V.J. opened the door to her room and looked carefully down the hallway. No one was about.

With no electricity, the hall seemed a frightening place. Shadows danced on the walls. Outside, the sound of the wind had become a low keening. It seemed as if the whole place had come alive, that the very walls breathed.

She gave herself a shake.

She left her room, a heavy flashlight clutched tightly in her hands. She didn't need to turn it on; kerosene lamps hung from ancient fixtures along the way, casting their eerie, flickering glow.

She moved quietly, step by step down the cavernous corridor.

She came to Susan's room and opened the door.

She heard the sound of the shower.

And before the closed bathroom door, Tom, tall and handsome, paced.

He didn't hear V.J. at first. When he did, he looked up at her.

She saw that he was carrying a pocket knife, flicking the blade open, then closed.

Open, then closed. Open….

It was a wicked blade. Surprisingly long. It looked as if it were sharply honed.

V.J. stared at Tom. He went still and stared at her.

He took a step toward her.

Reached for her.

“What are you trying to do?” she whispered desperately. “No!”

The water in the shower continued to run.

 

Sabrina returned to Brett's room, bringing his food, finding that she was ravenous herself. It was a very late lunch; it was almost three o'clock. Brett ate with a hearty appetite, and she was glad to realize that his bump on the head seemed not too serious. He was in good spirits, happy to have her waiting on him.

She was curious, though, about Susan, and about whatever Jon might have discovered in the chamber of horrors. She had thought he might come back to Brett's room with a report.

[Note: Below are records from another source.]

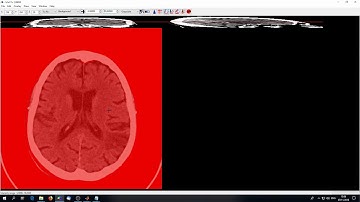 Methods in Neuropsychology Tübingen - Tutorial 1 Lesion Delineation and Normalisation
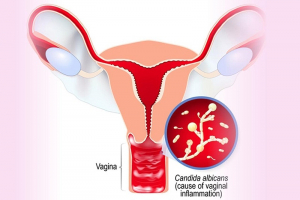 Nguyên nhân khiến nấm Candida sinh sôi và phát triển Nguyên nhân khiến nấm Candida sinh sôi và phát triển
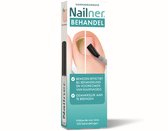 Nailner Kalknagelkwastje 5 ml - Kalknagelbehandeling voor Kalknagel en Schimmelnagel, Medische hulpmiddelen om Kalknagels te behandelen en voorkomen, effectief binnen 4 weken, eenvoudig aan te brengen zonder te vijlen, voor dagelijks gebruik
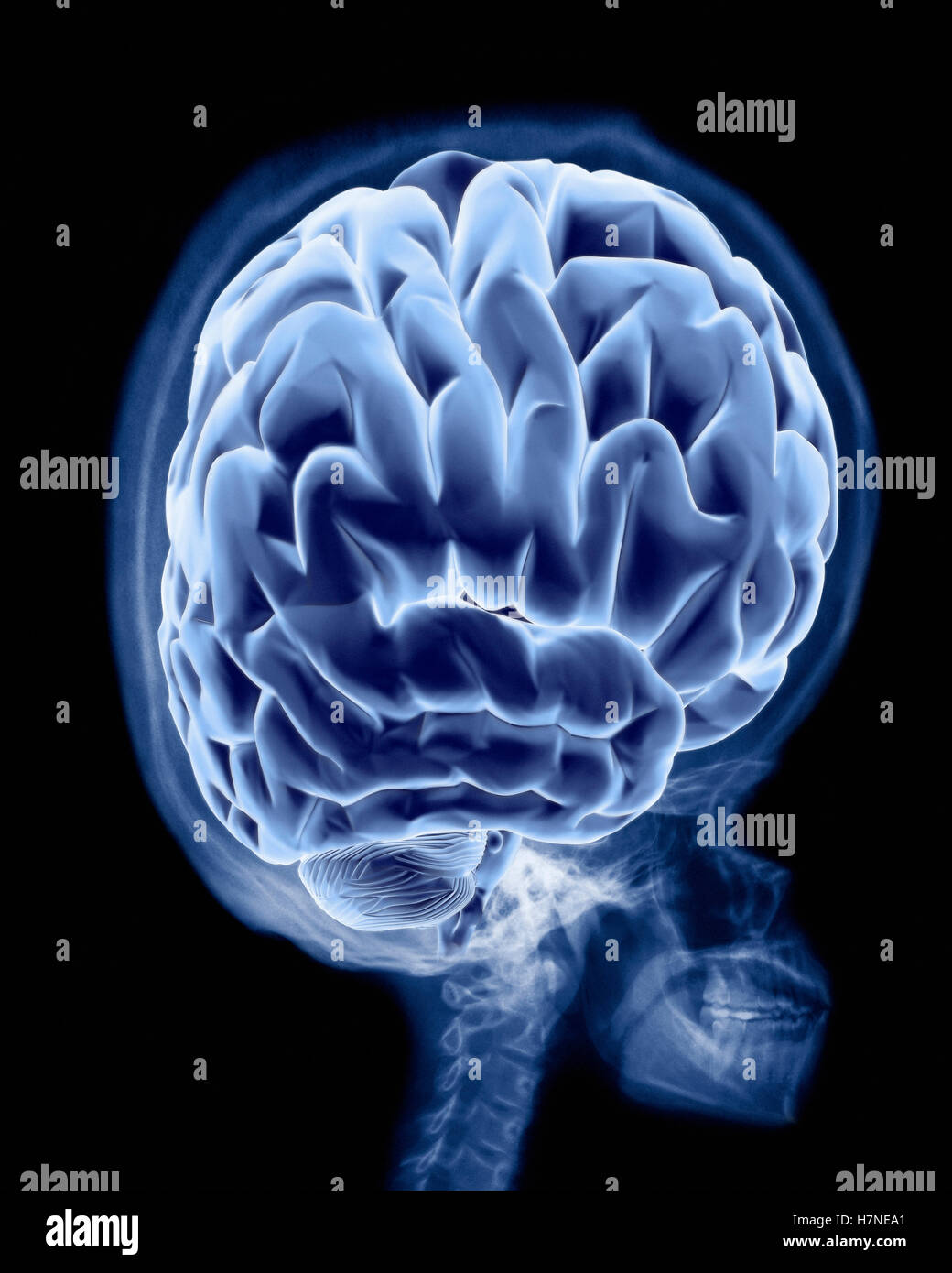 X-ray di gonfiato teschio umano con big brain Foto Stock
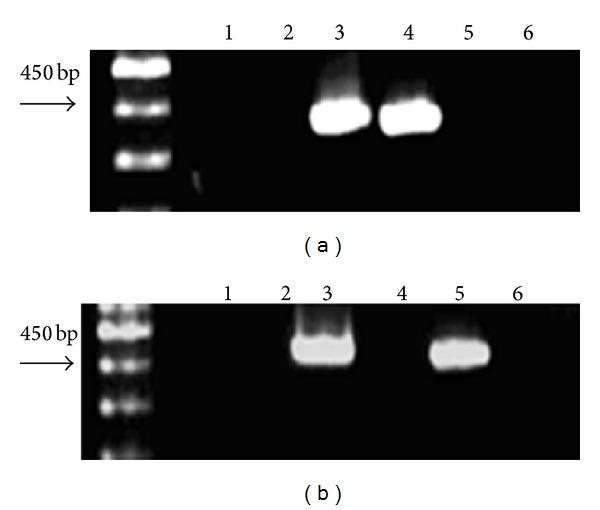 https://cdn.ncbi.nlm.nih.gov/pmc/blobs/f09e/3690203/fee36a0608bb/BMRI2013-136492.004.jpg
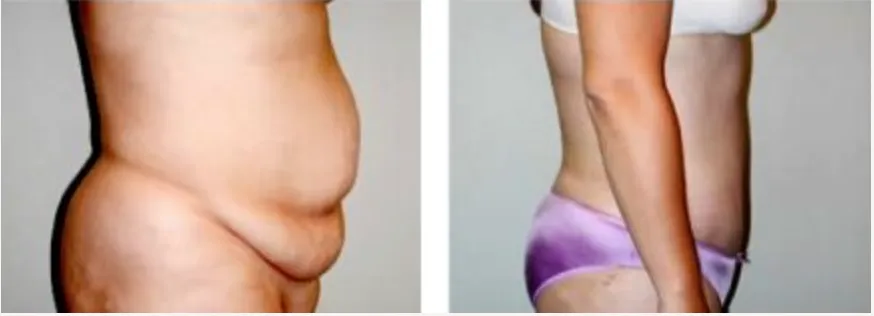 Screenshot at .. PM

He didn't. Telling Brett that she'd be right back, Sabrina went to Susan's room and knocked on the door.

No answer.

As she stood there, she thought she saw a figure in the shadows near the bend of the hallway.

The bend toward the master chambers, Jon's private domain.

She hesitated, then began moving along the corridor, close to the wall, watching.

As she did so, a figure moved toward Jon's door, hesitated, then rapped. His door opened; the woman slipped in.

Sabrina held her breath, staying flattened against the wall. A few minutes later, the woman came out.

The figure was slim, graceful, wraithlike in the shadows. She moved in a supple flow of black, coming along the hallway, her head down. If she had looked up, she would have seen Sabrina, despite the shadows.

But she didn't look up. She passed within three feet of her.

It was Dianne Dorsey. Dressed in a long, black, flowing caftan, she seemed a haunt in the eerie light and shadows of the hallway.

A haunt very deep in thought.

“I do love you!” she whispered softly, and, suddenly stopping, she looked back at Jon's door. “I do love you.”